* Your assignment *
Output the records below in full, word for word; pictures do not belong in it.

[Entries supplied Boundary: Start]

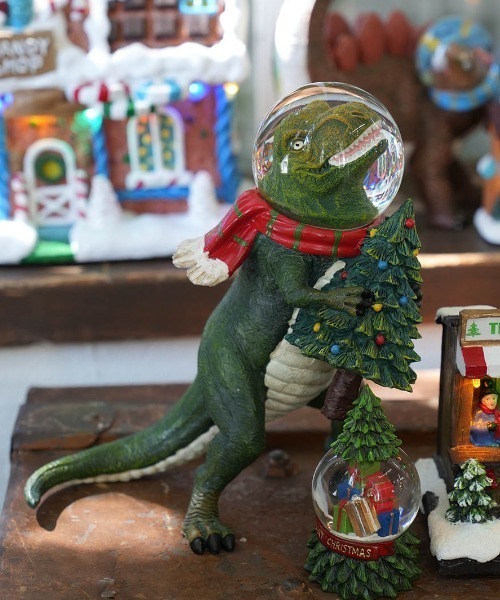 DULTON（ダルトン） インテリア GLOBE DINOSAUR HOLD ON TREE/恐竜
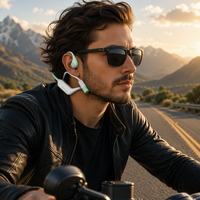 Casque intra-auriculaire avec caméra IA 8MP EIS 5.3 pour 6 IP65 ENC, indicateur de batterie LED, chargement Type-C, mains libres, vue à la troisième personne, 5-10 heures d'autonomie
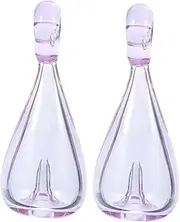 LOORGVEL 2 Pcs Perfume Bottle Perfume Diffuser Perfume Holder Perfume Container Portable Fragrance Bottle Portable Travel Bottles Essential Oil Bottle Essential Oil Vial Purple Glass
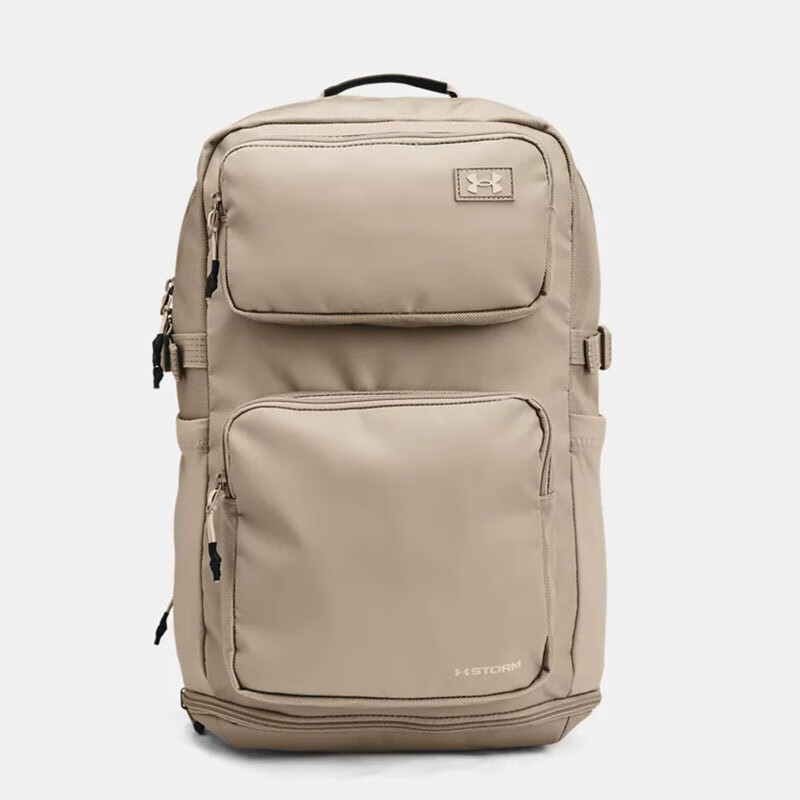 安德玛（Under Armour）双肩包 24新款UA Triumph 背包男女情侣训练运动大容量防水户外包 土狼 / 骆驼 - 498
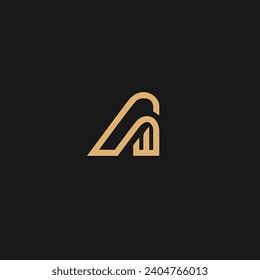 Letter A Build Icon Logo Monogram vector Business,
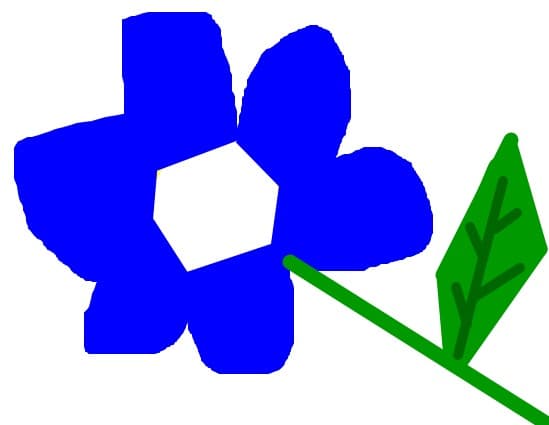 o floare...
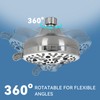 Dual Shower Head for Couples, High Pressure Double Shower Heads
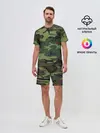 Мужской костюм с шортами / Военный камуфляж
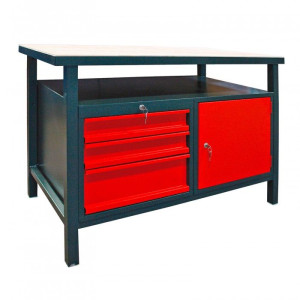 Guede SRO Etabli 120 cm - 3 tiroirs - 1 porte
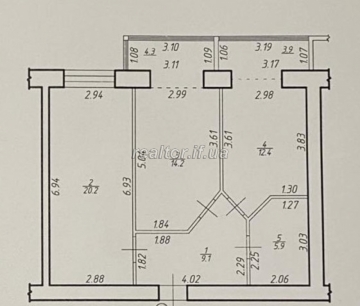 Wohnung in einem neuen Gebäude in der Melnyka-Straße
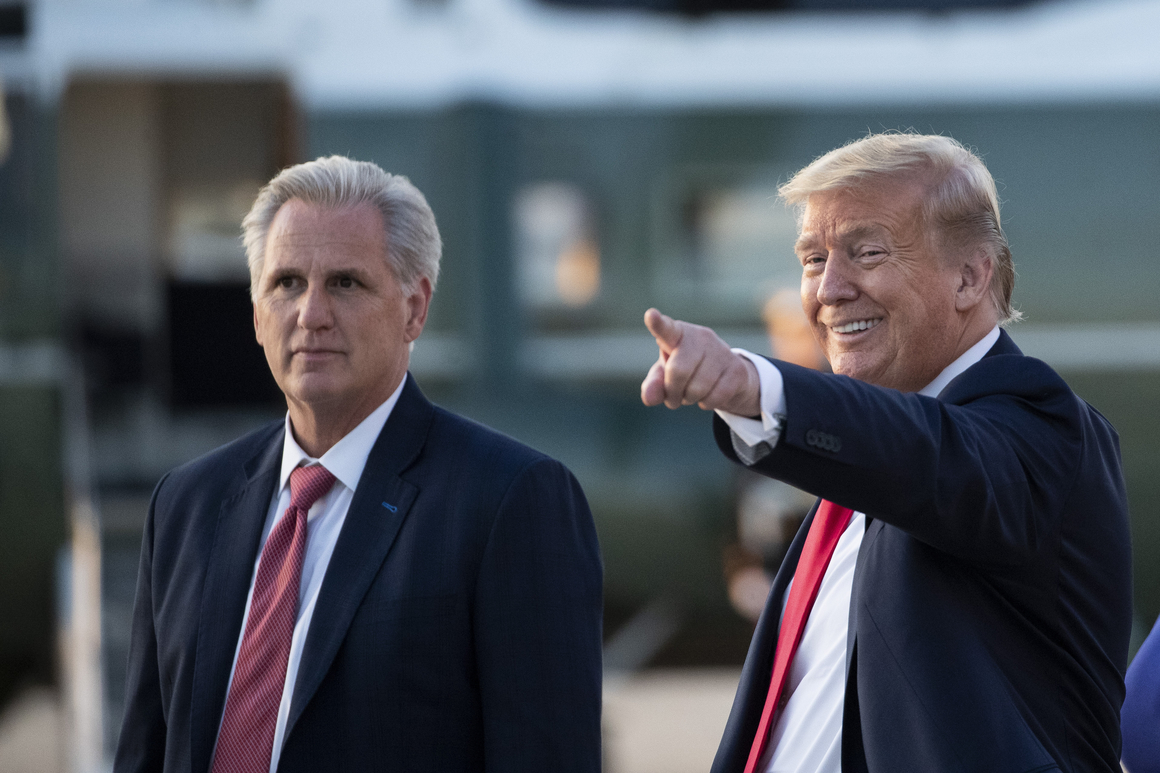 Donald Trump and Kevin McCarthy in 2020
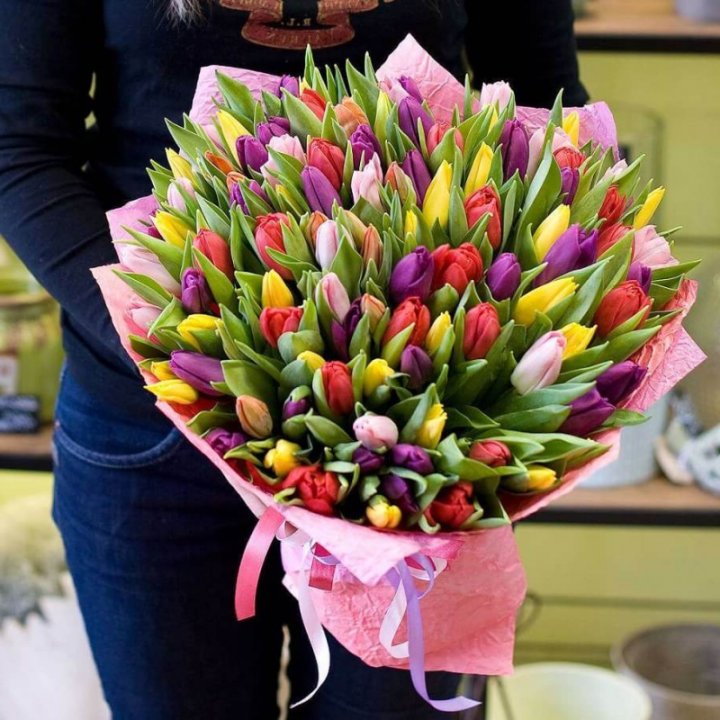 101 тюльпан "Джуси" в Нижнем Тагиле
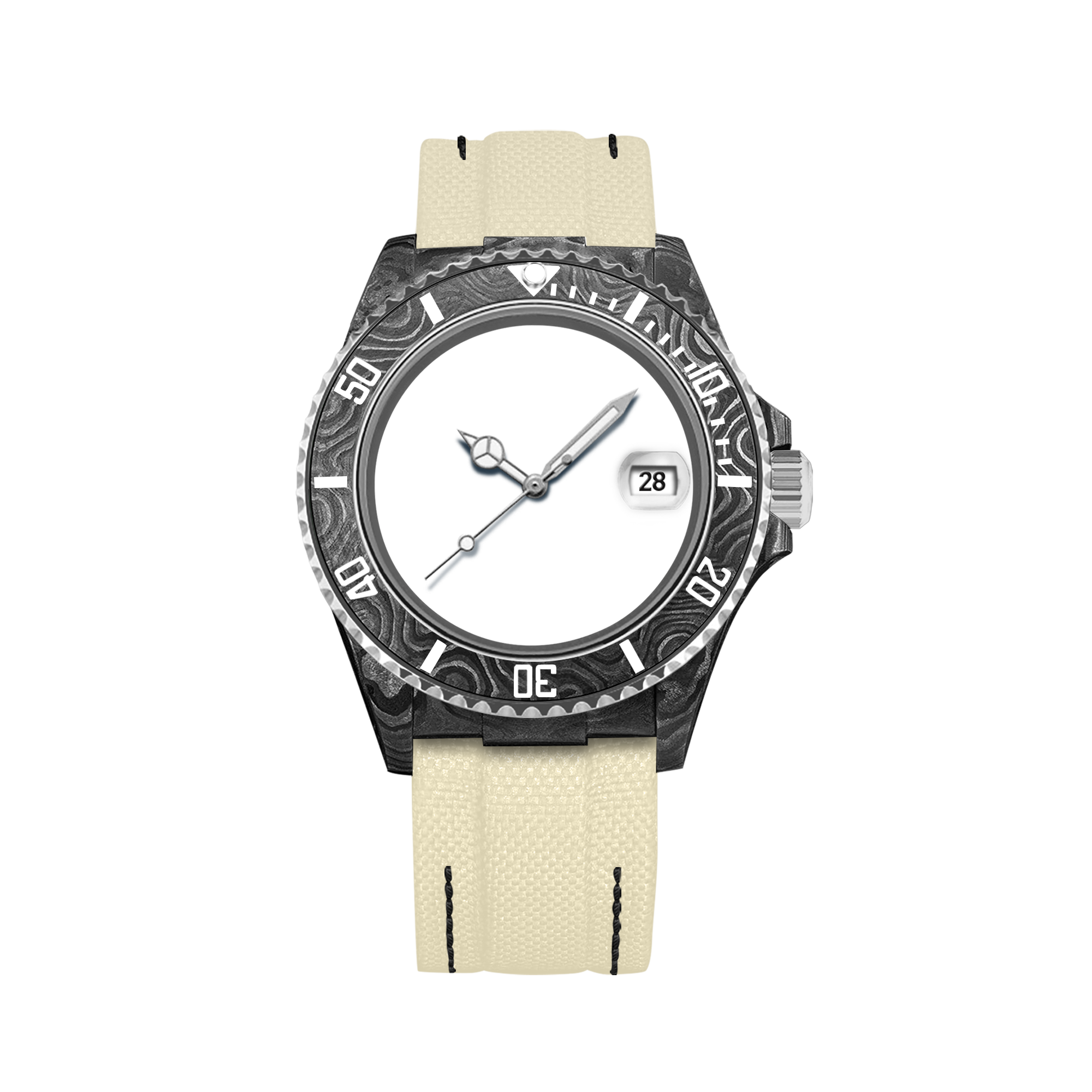PERSONNALISER LA MONTRE EN FIBRE DE CARBONE HYDROCORE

[Entries supplied Boundary: End]

* Result for this task *
 DULTON（ダルトン） インテリア GLOBE DINOSAUR HOLD ON TREE/恐竜
 Casque intra-auriculaire avec caméra IA 8MP EIS 5.3 pour 6 IP65 ENC, indicateur de batterie LED, chargement Type-C, mains libres, vue à la troisième personne, 5-10 heures d'autonomie
 LOORGVEL 2 Pcs Perfume Bottle Perfume Diffuser Perfume Holder Perfume Container Portable Fragrance Bottle Portable Travel Bottles Essential Oil Bottle Essential Oil Vial Purple Glass
 安德玛（Under Armour）双肩包 24新款UA Triumph 背包男女情侣训练运动大容量防水户外包 土狼 / 骆驼 - 498
 Letter A Build Icon Logo Monogram vector Business,
 o floare...
 Dual Shower Head for Couples, High Pressure Double Shower Heads
 Мужской костюм с шортами / Военный камуфляж
 Guede SRO Etabli 120 cm - 3 tiroirs - 1 porte
 Wohnung in einem neuen Gebäude in der Melnyka-Straße
 Donald Trump and Kevin McCarthy in 2020
 101 тюльпан "Джуси" в Нижнем Тагиле
PERSONNALISER LA MONTRE EN FIBRE DE CARBONE HYDROCORE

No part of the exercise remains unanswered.